Ma l’ente locale che bandisce la gara, se teme cambiamenti di incerta controllabilità, potrebbe limitarsi a sperimentare, mettendo in gara solo parte dei servizi.

E potrebbe anche chiedere nel bando una riduzione delle tariffe: essendo queste generalmente dell’ordine del 30 per cento dei costi di produzione, una riduzione di tali costi anche solo del 10 per cento potrebbe rendere gratuito il servizio per un terzo degli utenti a minor reddito. Cadrebbe così ogni dubbio sul fatto che fare le gare significa aumentare, non diminuire, la socialità del servizio offerto.

Le radici dell’ostilità

Come spiegare allora questa ostilità alle gare?

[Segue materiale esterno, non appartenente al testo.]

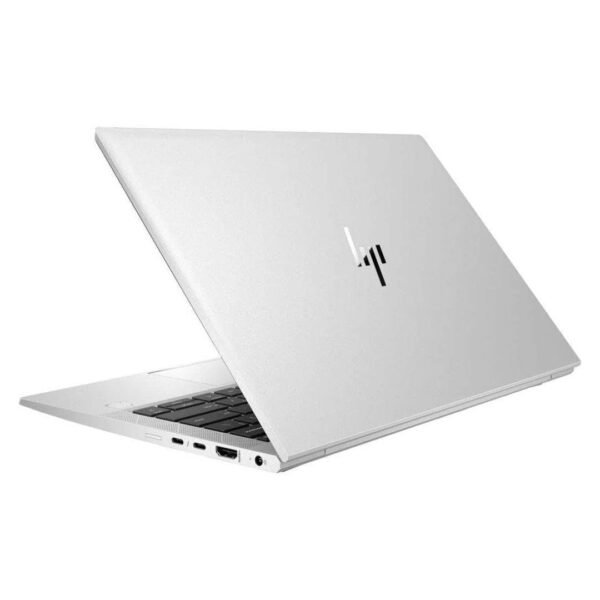 HP EliteBook 830 G7 - Intel Core i5 10th Gen - 16GB DDR4 RAM - 256GB SSD - 13.3" FHD Display - Intel UHD Graphics - Windows 10 Pro - Silver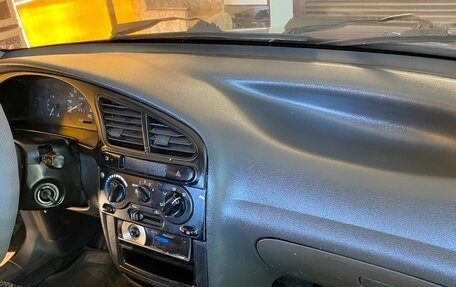 Chevrolet Lanos I, 2007 год, 230 000 рублей, 15 фотография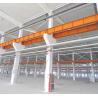 Buy cheap Custom Commercial Prefabricated Metal Buildings Contemporary Steel Buildings from wholesalers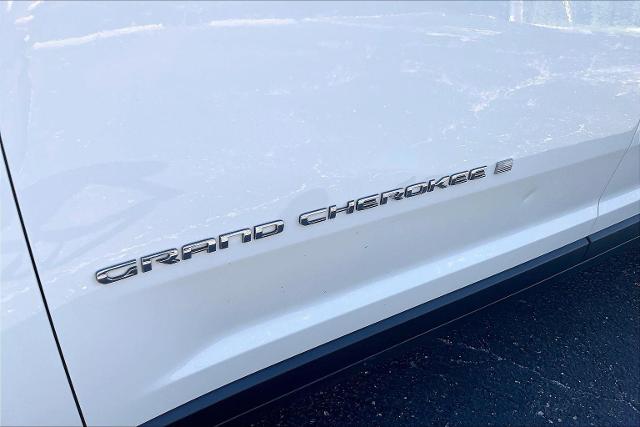 2022 Jeep Grand Cherokee L Vehicle Photo in INDEPENDENCE, MO 64055-1314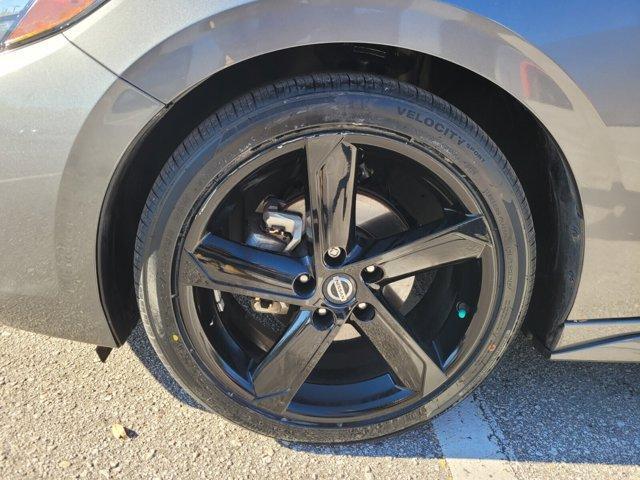 used 2022 Nissan Sentra car, priced at $18,788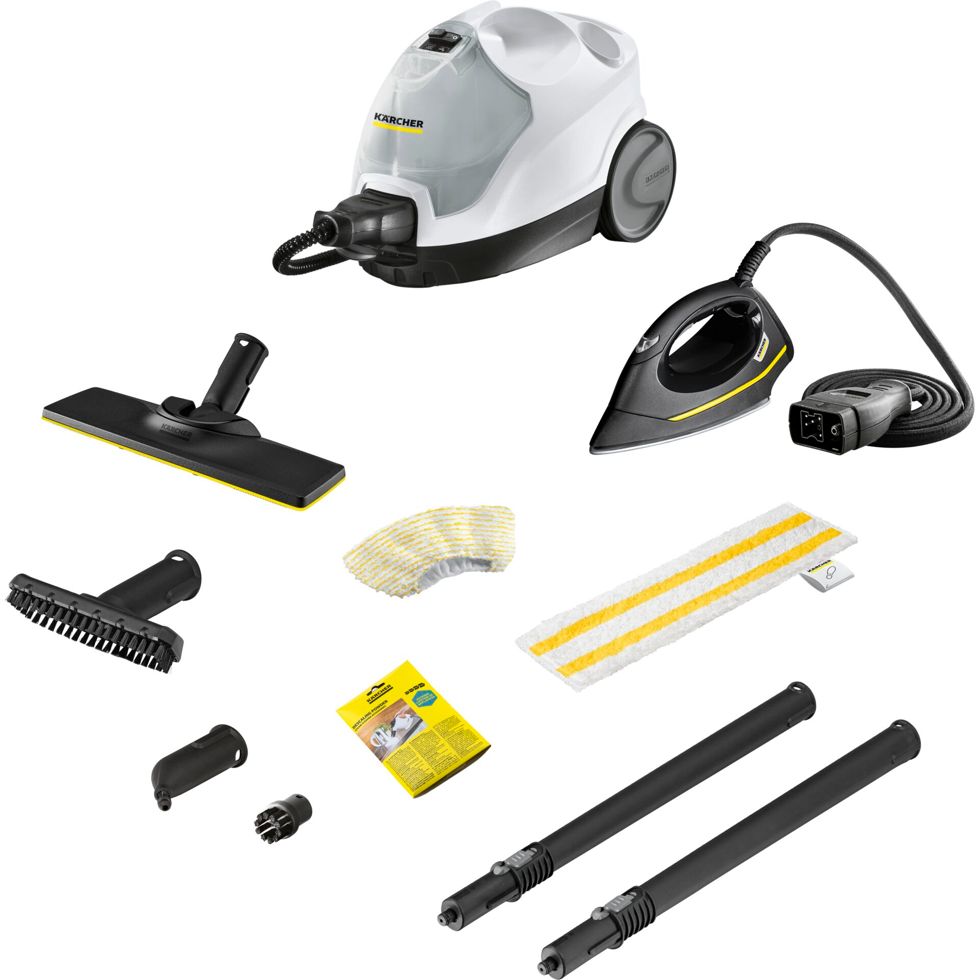 KÄRCHER Karcher SC 4 EasyFix Iron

La spiegazione più ovvia è un fenomeno di “cattura del regolatore”, cioè del prevalere di interessi aziendali su quelli della collettività. Tale cattura è basata sul “voto di scambio” con gli addetti. Per quanto protetti contrattualmente potrebbero trovarsi una proprietà meno condizionabile politicamente. Un’altra resistenza, oltre quella dei già citati dirigenti di nomina politica, potrebbe venire dai fornitori: diverso è contrattare con soggetti pubblici che politicamente non possono fallire, che con soggetti privati che abbiano come obiettivo il profitto.

Infine, va ricordato che prorogare un regime di monopolio ha anche effetti di lungo periodo: il monopolista ha spazio per rafforzare le sue posizioni, ergendo difese sia sul piano politico che informativo. rinforzando il messaggio che mettere in gara i servizi costituirebbe un danno per la collettività.